Executive Summary:
Although IT expenditures will remain relatively flat next year, almost 60 percent of Windows IT Pro readers plan to deploy Windows 7 in 2010.

Microsoft’s three-way product launch this fall of Windows 7, Windows Server 2008 R2, and Exchange Server 2010 is a refreshing burst of activity in an otherwise stagnant product launch year. But talking about a product, getting a demo about a product, or even craving a product isn’t the same as actually buying a product. (Probably only Windows 7 stirs any emotion remotely resembling a craving.)

According to our recent independently conducted audience research, as the economically painful 2009 winds to a close, businesses will continue to hold tight to their cash. New technology whose primary benefit is the cool factor isn’t high on any IT manager’s shopping list unless keeping his or her job also isn’t top on the list. All of the future efficiencies promised by new technology will be seriously weighed against turning in decent business performance this last quarter. But that doesn’t mean we all can’t do a little window shopping for 2010 purchases that will achieve some efficiency benefits. The problem is finding the clear-cut efficiencies that will really make a difference in the short term.

Deployment Plans
The clear winner among our readers in the plan-to-deploy race is Windows 7. Among our print, email, and web audience, about 58 percent of respondents indicated that they plan to deploy Windows 7 in 2010. Favorite Windows 7 features that are driving this anticipation include faster boot times, an improved UI, and the Windows XP mode (yes, there is irony in that last one). For Paul Thurrott’s discussion of the Windows 7 launch and some audience reaction to the release, check out “Windows 7 Will Set Industry Afire.” Interestingly, even the promise of excising Vista isn’t enough for some of our readers to jump on Windows 7, primarily because they never deployed Vista in the first place.

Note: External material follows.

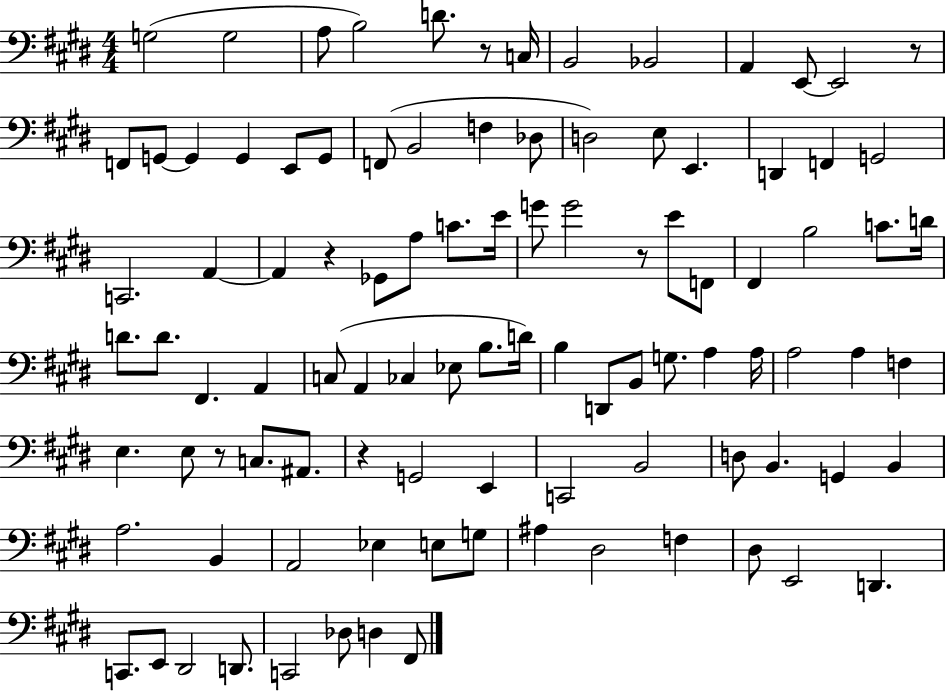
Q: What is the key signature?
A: E major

Server 2008 R2 shows decent potential for deployment in 2010 as well. Only about 48 percent of our audience currently has Server 2008 running somewhere in the organization. A little over half of respondents indicated plans to deploy Server 2008 R2 in 2010. But for those who are squeamish about deployment, the admittedly intriguing features such as the 64-bit capability make the decision even tougher. Cash-strapped companies that don’t already have 64-bit hardware are going to have to wait. The new Live Migration feature that lets you move Hyper-V virtual machines (VMs) between hosts with no downtime is great. But most of our readers who are currently using virtualization technology already have VMware implementations in place. (For Michael Otey’s quick picks of the most compelling Server 2008 R2 features, check out “New Features in Windows Server 2008 R2.”

The statistics regarding Exchange Server migration tell the classic if-it-ain’t-broke-don’t-fix-it story. About 46 percent of our audience uses Exchange Server 2003. Only about 33 percent of respondents have deployed Exchange Server 2007. And only about 32 percent of our audience plans to deploy Exchange 2010 within six months after release. For those who have taken a look at Exchange 2010, the winning features are built-in email archiving and Database Availability Groups (DAGs) for improved high availability. But of those readers who have no plans to upgrade, the top reasons cited for holding tight to previous versions are that they’re unconvinced about the benefits of migrating, they don’t have the budget, or it’s simply been too soon since their last upgrade. And forget about unified communications (UC) driving adoption: Less than 8 percent of our audience have deployed any form of UC. According to comments gathered in our Instant Polls, most readers see UC as too expensive and too complicated. In fact, a recent Instant Poll asking about Microsoft Office Communications Server (OCS) adoption elicited the most votes for the response, “What the heck is OCS?” For basic Exchange Server migrations, the angst is real as many organizations struggle with when and how to move from Exchange 2003, which has been quietly and relatively seamlessly serving up email in organizations for years. Paul Robichaux offers some excellent advice in “Exchange 2007 Now or Exchange 2010 Later?

Hats Off to Windows 7
So as we put the wrapper on this decidedly underwhelming IT buying year, let’s all give a little salute to Windows 7 for causing some checkbooks to come out of the drawer. For most companies, IT purchases for 2010 must show immediate and compelling bottom-line savings. Bells and whistles, anyone? I didn’t think so.